Why a pricing audit is essential for business
You expend a lot of your time and energy into building a great product. Conducting a pricing audit will maximize revenue and guarantee the best return on your hard work. Running a pricing audit will create consistency in your company’s pricing structure. Managers should have well-founded price control principles to refer to. Remember: Pricing is not one-size-fits-all. When you develop your pricing structure, you’ll create pricing tiers that involve additional features that depend on what the customer is looking for and how much they are willing to pay. The tiers should be structured consistently with the features.
How to perform a pricing audit
We’ve gone in-depth on the importance of a pricing audit, but how do you actually conduct one? A pricing audit is performed in only three steps. In these three steps, you’ll align pricing with your goals, review current strategies, and identify potential weaknesses.
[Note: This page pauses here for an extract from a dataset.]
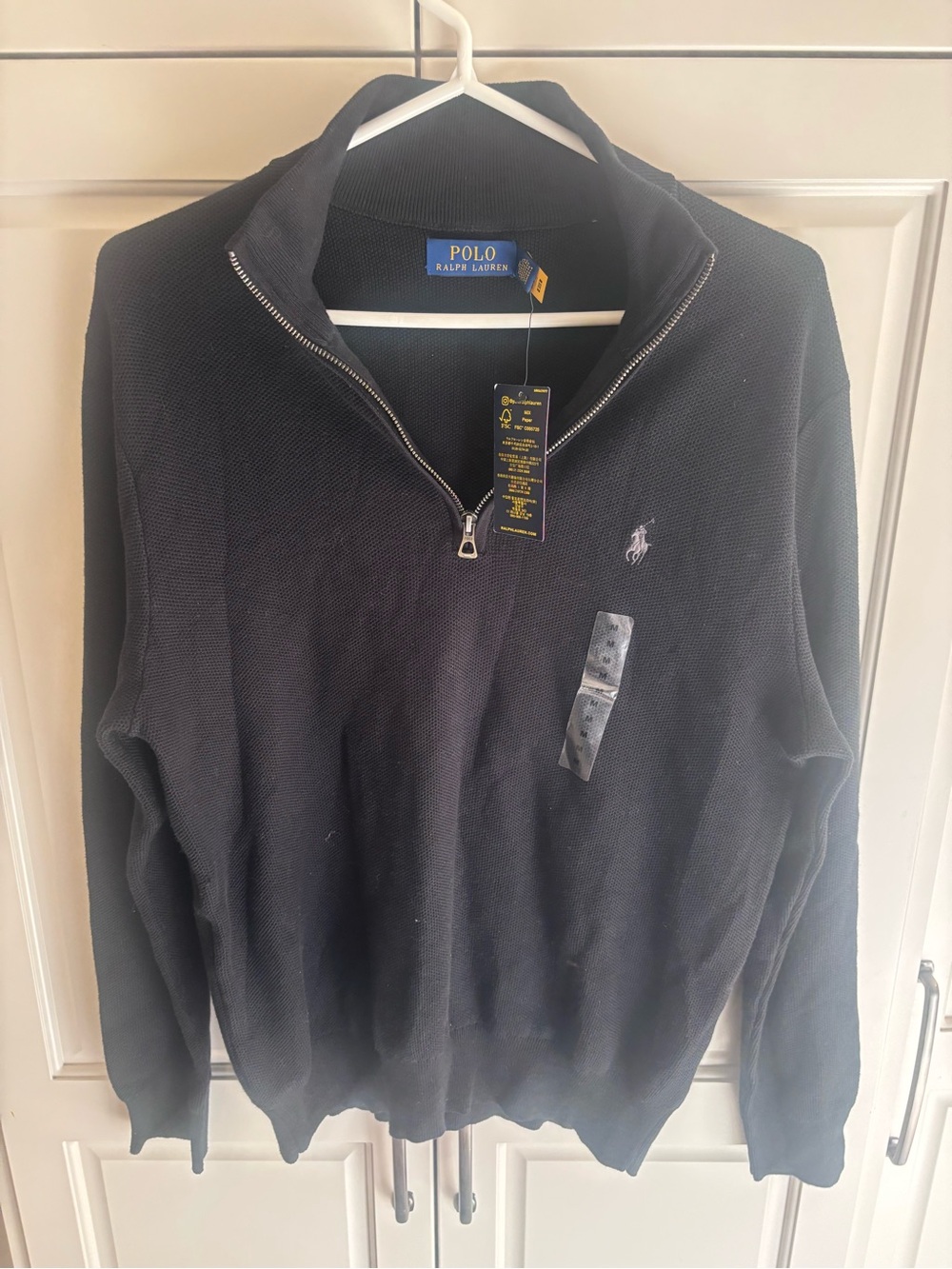 Polo by Ralph Lauren Men’s Black Half-Zip Sweater with Logo Med NWT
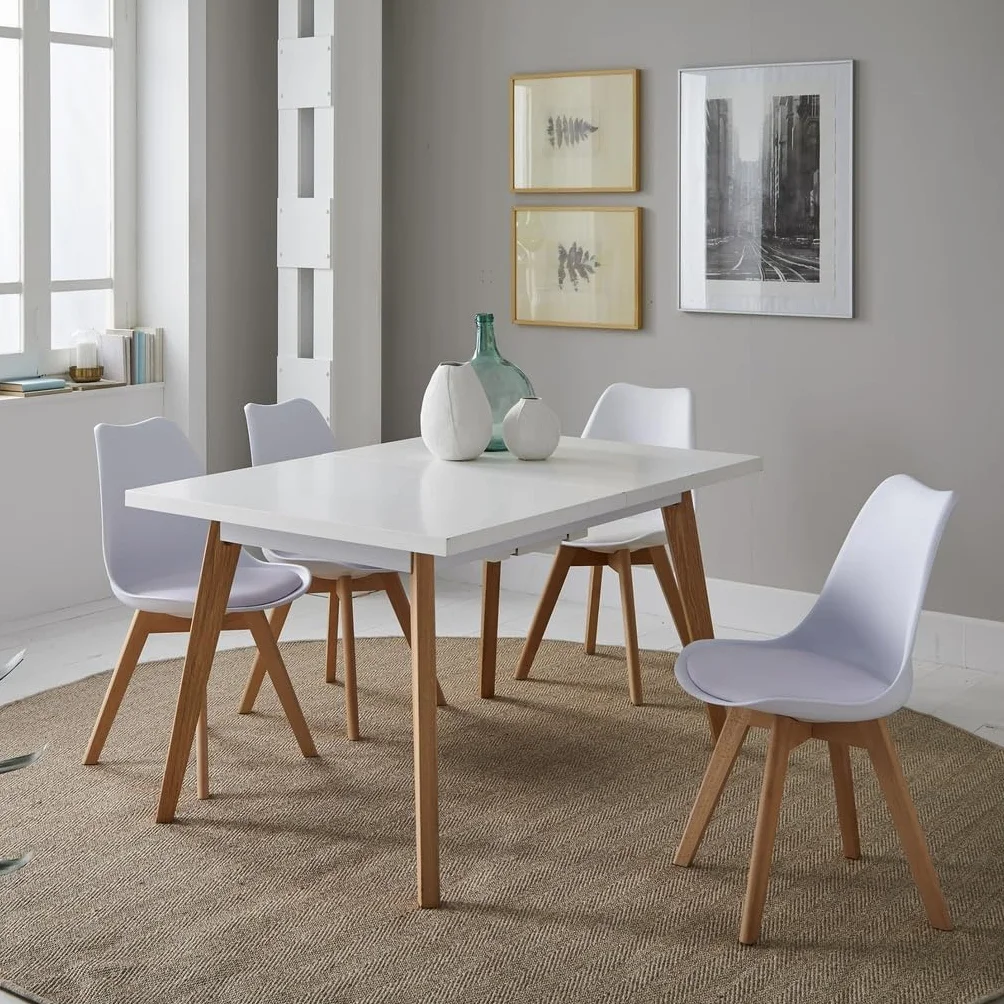 Mesa de Comedor Extensible Blanca Estilo Nórdico con Patas de Madera de Roble – 140/180x90x75 cm – Diseño Moderno y Elegante con Tapa Lacada en MDF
First, put together a pricing committee comprised of members from sales, finance, product, and marketing, as well as a coordinator who is the driver of your research and strategy. This committee will define the goals and objectives of your pricing strategy.
Now review current pricing packages, incentives, customer segmentation, competitive landscape, product bundling, and tiered pricing. You’ll assess all areas within the company impacted by pricing by interviewing different teams, reviewing across distribution channels, benchmarking against the competition, and analyzing historical data. Finally, identify your weaknesses and then strategize to strengthen them. A pricing audit will reveal where you’re falling short so you can work to grow that area. It will also reveal areas of growth you might not have tapped into yet.